- _ENTRIES SHOWN_:
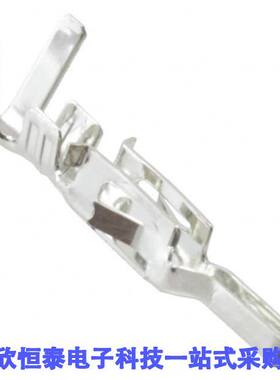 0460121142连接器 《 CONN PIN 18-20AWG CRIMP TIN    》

...

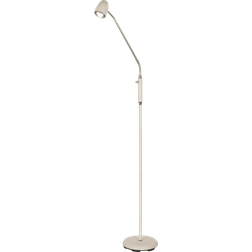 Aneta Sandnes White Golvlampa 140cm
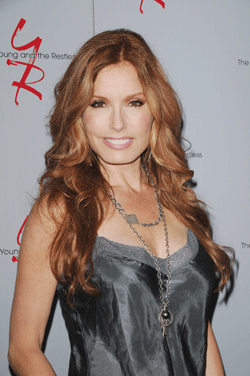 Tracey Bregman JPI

- _EXERCISE INSTRUCTIONS_:
In the listing above, find the line with "Aneta Sandnes White Golvlampa 140cm" and the line with "Tracey Bregman JPI". Transcribe those two and everything between, exactly, leaving out pictures.

- _ANSWER_:
 Aneta Sandnes White Golvlampa 140cm
 Tracey Bregman JPI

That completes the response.